- _Web page caption snippets_:
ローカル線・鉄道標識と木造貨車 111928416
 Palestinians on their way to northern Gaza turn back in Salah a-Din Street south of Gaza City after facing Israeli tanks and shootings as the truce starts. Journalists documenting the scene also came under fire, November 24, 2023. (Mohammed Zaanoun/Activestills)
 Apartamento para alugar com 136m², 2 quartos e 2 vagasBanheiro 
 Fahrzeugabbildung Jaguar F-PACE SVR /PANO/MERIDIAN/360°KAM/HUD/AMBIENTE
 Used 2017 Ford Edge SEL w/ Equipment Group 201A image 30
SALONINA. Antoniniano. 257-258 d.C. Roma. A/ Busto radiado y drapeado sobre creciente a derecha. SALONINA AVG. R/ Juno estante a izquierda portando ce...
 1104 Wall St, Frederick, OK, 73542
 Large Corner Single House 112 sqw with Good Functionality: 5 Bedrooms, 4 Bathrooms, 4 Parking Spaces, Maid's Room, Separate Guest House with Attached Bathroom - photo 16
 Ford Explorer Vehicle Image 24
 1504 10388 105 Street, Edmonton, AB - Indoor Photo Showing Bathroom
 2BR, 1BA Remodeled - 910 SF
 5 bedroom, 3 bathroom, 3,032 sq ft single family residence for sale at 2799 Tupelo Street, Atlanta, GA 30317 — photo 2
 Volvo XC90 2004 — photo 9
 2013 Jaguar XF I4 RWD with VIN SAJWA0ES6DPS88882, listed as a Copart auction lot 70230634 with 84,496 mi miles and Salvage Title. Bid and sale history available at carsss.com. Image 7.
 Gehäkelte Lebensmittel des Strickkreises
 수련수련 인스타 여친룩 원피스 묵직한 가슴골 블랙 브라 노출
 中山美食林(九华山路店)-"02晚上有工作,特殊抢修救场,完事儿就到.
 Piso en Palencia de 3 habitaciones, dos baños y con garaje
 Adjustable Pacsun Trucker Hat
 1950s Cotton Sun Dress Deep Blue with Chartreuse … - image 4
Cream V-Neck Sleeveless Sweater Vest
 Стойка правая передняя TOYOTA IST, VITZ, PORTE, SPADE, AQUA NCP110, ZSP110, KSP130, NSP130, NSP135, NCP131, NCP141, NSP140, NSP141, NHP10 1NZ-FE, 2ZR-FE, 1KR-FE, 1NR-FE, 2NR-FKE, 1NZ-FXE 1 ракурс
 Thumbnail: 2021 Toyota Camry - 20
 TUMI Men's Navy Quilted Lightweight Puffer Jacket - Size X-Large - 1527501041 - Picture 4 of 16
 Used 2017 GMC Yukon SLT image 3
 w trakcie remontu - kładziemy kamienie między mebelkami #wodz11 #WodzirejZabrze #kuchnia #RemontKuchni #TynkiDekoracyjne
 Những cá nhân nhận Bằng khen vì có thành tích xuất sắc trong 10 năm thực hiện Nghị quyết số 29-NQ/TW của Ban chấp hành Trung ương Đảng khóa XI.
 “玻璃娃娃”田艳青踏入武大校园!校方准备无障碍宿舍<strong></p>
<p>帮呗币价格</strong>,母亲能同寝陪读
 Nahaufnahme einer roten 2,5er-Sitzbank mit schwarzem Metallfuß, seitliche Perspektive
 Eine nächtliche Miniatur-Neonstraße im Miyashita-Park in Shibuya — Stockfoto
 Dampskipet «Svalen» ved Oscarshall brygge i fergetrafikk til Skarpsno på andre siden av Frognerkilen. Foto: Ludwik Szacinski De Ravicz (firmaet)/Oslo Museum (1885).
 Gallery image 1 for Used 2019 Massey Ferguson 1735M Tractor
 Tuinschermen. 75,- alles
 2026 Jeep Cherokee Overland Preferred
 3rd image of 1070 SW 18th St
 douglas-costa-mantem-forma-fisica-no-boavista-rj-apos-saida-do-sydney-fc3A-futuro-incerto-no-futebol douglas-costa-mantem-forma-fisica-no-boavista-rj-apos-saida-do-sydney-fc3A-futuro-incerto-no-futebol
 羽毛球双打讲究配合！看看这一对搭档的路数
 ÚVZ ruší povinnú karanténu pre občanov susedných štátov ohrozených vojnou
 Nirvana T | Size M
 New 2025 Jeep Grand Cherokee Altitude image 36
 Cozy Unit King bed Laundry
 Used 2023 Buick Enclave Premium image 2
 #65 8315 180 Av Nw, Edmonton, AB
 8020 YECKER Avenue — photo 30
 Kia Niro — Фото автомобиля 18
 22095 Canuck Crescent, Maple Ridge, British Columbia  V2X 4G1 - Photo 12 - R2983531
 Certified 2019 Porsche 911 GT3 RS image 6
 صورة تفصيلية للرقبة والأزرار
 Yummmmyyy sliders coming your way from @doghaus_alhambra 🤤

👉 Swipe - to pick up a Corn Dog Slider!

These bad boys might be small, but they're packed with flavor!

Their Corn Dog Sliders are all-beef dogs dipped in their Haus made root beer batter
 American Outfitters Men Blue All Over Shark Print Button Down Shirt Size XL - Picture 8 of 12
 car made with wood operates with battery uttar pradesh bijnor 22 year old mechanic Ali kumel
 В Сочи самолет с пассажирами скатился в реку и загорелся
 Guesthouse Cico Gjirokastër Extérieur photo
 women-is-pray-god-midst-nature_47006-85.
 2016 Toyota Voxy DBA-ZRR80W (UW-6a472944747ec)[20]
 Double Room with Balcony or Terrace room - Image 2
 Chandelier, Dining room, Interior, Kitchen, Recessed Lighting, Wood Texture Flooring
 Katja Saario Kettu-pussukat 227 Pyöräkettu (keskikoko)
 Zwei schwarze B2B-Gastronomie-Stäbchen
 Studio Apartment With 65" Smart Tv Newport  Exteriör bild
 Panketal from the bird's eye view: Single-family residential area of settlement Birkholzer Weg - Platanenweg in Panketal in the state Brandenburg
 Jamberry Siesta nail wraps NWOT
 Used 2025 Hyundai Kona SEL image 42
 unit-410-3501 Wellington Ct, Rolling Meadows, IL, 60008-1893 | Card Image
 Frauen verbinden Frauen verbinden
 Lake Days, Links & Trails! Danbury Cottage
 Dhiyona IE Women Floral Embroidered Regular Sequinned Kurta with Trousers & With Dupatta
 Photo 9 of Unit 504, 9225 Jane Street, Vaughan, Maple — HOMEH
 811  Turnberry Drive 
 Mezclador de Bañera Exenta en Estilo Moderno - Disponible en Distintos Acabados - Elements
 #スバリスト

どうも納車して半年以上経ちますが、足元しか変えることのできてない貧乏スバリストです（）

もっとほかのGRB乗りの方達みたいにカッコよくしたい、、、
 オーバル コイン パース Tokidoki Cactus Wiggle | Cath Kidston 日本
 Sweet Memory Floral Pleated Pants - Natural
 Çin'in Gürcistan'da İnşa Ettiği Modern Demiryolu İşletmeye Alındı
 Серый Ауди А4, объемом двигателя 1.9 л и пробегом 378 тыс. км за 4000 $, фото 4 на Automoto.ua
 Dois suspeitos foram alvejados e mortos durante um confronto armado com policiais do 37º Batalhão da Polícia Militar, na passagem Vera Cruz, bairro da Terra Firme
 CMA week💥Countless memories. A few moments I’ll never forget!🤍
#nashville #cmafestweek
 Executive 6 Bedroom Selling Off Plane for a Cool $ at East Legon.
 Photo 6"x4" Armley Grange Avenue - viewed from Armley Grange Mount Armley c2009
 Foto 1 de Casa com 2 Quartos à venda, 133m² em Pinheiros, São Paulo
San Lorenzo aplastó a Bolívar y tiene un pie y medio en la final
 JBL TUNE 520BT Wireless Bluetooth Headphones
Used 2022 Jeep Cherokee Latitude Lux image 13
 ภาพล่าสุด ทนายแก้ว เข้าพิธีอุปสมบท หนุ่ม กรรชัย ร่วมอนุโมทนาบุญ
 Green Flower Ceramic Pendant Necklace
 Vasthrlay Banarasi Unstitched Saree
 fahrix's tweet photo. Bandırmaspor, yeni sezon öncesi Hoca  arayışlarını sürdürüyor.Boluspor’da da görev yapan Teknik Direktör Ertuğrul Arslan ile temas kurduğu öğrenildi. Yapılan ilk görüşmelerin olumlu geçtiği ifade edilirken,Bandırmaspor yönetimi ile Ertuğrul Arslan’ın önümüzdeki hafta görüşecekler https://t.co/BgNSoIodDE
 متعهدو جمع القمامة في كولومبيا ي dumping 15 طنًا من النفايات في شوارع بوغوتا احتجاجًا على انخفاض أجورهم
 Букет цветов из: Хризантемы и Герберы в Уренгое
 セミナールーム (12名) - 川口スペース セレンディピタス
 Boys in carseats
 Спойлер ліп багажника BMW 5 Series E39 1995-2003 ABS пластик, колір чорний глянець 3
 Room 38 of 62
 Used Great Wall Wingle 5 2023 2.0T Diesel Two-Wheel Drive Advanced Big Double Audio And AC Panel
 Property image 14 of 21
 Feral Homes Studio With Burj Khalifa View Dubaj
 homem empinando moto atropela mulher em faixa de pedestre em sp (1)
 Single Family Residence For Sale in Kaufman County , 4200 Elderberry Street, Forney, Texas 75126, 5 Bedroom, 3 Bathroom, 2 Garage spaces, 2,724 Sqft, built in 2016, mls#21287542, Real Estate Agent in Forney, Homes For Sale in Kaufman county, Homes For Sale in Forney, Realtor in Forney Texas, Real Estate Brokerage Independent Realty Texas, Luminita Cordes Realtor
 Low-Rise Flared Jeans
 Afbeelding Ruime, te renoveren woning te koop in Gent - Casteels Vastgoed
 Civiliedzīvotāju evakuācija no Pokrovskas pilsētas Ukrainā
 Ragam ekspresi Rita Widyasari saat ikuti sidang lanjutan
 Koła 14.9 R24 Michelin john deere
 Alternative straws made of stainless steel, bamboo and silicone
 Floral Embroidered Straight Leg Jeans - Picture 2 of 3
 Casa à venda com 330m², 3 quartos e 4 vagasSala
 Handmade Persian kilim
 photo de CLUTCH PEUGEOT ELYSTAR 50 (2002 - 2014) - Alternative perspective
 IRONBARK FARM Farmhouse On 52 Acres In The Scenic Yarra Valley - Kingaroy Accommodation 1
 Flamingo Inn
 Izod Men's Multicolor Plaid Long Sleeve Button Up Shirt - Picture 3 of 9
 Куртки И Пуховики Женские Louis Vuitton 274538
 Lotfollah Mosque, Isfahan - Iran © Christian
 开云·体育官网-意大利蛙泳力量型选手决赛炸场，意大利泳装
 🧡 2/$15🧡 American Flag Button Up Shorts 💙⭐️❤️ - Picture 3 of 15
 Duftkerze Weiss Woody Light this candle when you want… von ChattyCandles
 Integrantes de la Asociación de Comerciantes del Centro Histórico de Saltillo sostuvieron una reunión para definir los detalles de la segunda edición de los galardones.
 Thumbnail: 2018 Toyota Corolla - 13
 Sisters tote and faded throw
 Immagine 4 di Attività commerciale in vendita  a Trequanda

- _What is needed_: Go through the records above, find every line with the word "venda", and list those lines.

- _Task solution_:
 Foto 1 de Casa com 2 Quartos à venda, 133m² em Pinheiros, São Paulo
 Casa à venda com 330m², 3 quartos e 4 vagasSala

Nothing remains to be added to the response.